Qu’est-ce qui a donc déjà été traduit et que reste-t-il encore à traduire?

«On peut dire que les ouvrages principaux de Roland Barthes sont traduits assez bien en tchèque. Nous avons ‘Mythologies’, nous avons ‘La Chambre claire’ et ‘Fragments d’un discours amoureux’, nous avons ’Le plaisir du texte’ publié récemment et pas mal d’autres livres. Il y a quand même des ouvrages qui ne sont pas traduits, notamment son autobiographie qui s’intitule ‘Roland Barthes par Roland Barthes’. Ce qui n’est pas traduit non plus, c’est son petit livre sur le Japon ‘L’empire des signes’, mais, à que je sache, ces livres sont en train d’être traduits. Il reste à traduire, à mon avis, le très beau livre qu’il a écrit sur Racine, un ouvrage très important, et un petit livre sur Michelet qu’il a fait au début de son itinéraire.»

Ces traductions vous ont-elles posé des problèmes particuliers ? Y avait-il par exemple des problèmes de terminologie?

«Tout à fait. Ce n’étaient pas tellement des problèmes de terminologie parce qu’on peut toujours inventer une sorte de terminologie, mais ce qui pose un problème, et ce qui fait de Barthes un auteur extrêmement difficile à traduire, c’est, je dirais, la beauté de son style. Barthes, un grand théoricien, est aussi un grand écrivain, qui s’exprime d’une manière très particulière et très belle, et il est extrêmement difficile de rendre en langue tchèque la spécificité de sa manière de s’exprimer. Ce n’est pas à moi de juger si j’ai réussi, ce sont les lecteurs tchèques qui doivent lire et apprécier ce qu’on a fait.»
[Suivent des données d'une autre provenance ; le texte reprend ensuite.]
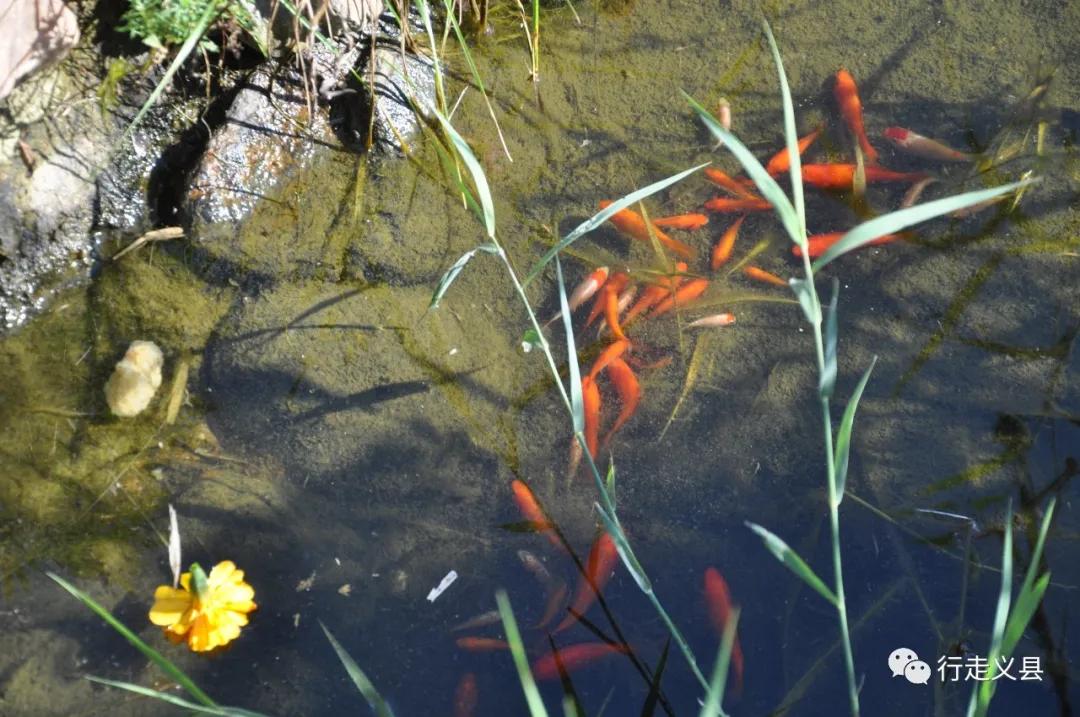 金秋十月看万山红遍层林尽染,金秋十月看红叶的诗句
Vous avez traduit Roland Barthes, vous avez donc fait la lecture la plus profonde de ses textes. Qu’avez-vous trouvé de plus précieux chez ce penseur?

«Ce que j’ai trouvé de plus précieux, c’est sa manière de pénétrer les mécanismes sociaux, culturels, littéraires qu’on considère comme tout à fait naturels. Et Barthes découvre certains effets, certaines constructions qu’il n’hésite pas à appeler ‘idéologiques’. Il découvre des mécanismes idéologiques là où on ne les attend pas. Pour adresser à Barthes un petit reproche, il faut dire peut-être qu’il commence à se répéter surtout vers la fin de sa carrière. Il y des thèmes qui se répètent, on reconnaît ce qu’il a déjà dit. Mais j’imagine que cela arrive à tous les grands auteurs.»